Exact copy, pictures excluded: the lines from the one containing "Ivory Natural Hair" to the end of the listing.

====== Data for this exercise ======

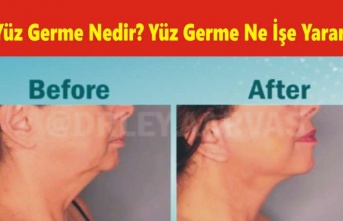 Yüz Germe Nedir? Yüz Germe Ne İşe Yarar?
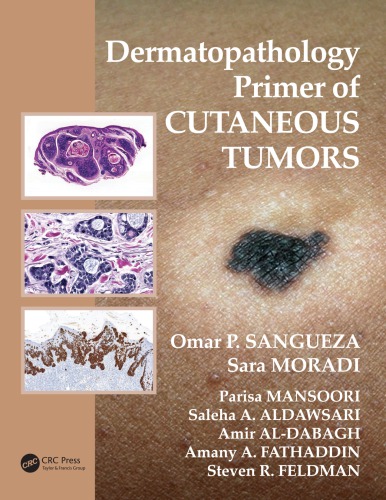 Dermatopathology Primer Of Cutaneous Tumors Sangeza Omar P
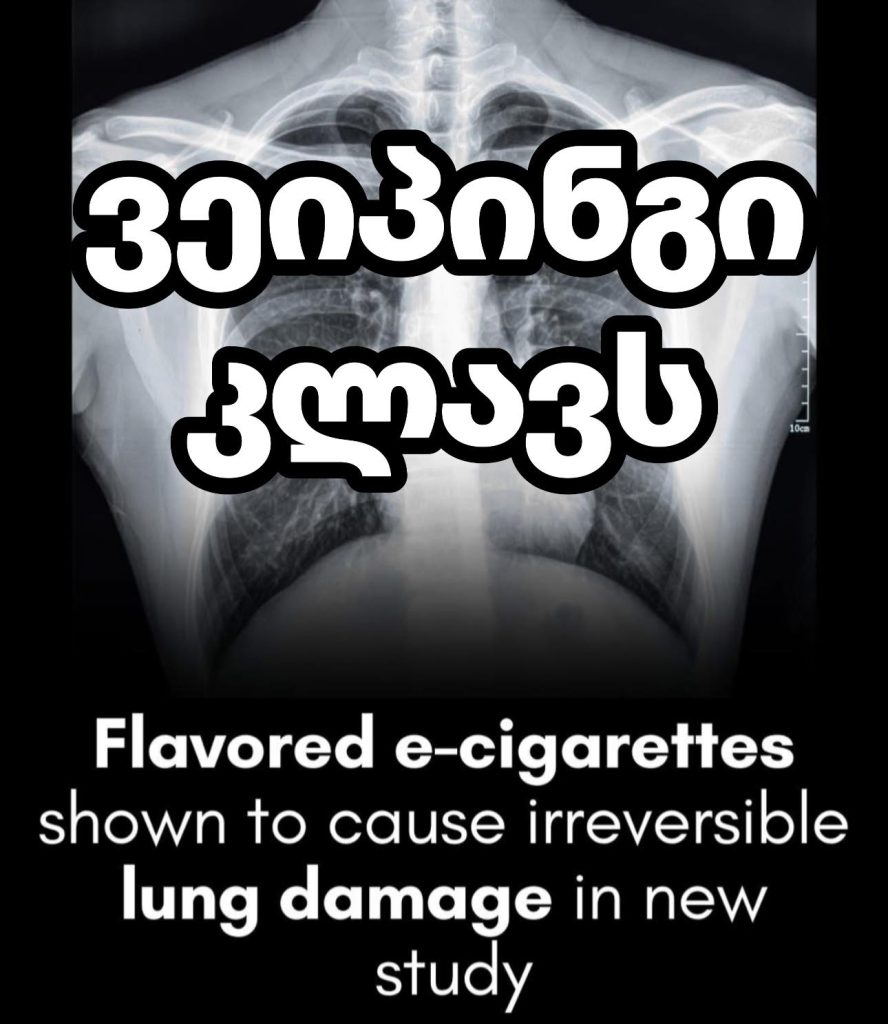 ვეიპინგი კლავს – მოზარდი „პოპკორნის ფილტვით“ მძიმე დაავადებას ებრძვის, ტოქსიკურია და სიცოცხლისთვის საშიში | sheniekimi.ge | შენი ექიმი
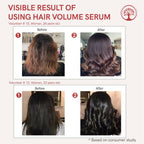 Ivory Natural Hair Volume Serum For Hair Thinning And Healthier Growth | Grocsy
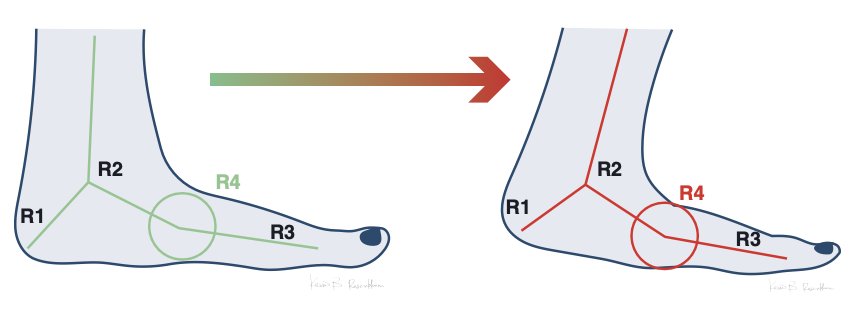 Przełamanie śródstopia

======

> **Task output**
 Ivory Natural Hair Volume Serum For Hair Thinning And Healthier Growth | Grocsy
 Przełamanie śródstopia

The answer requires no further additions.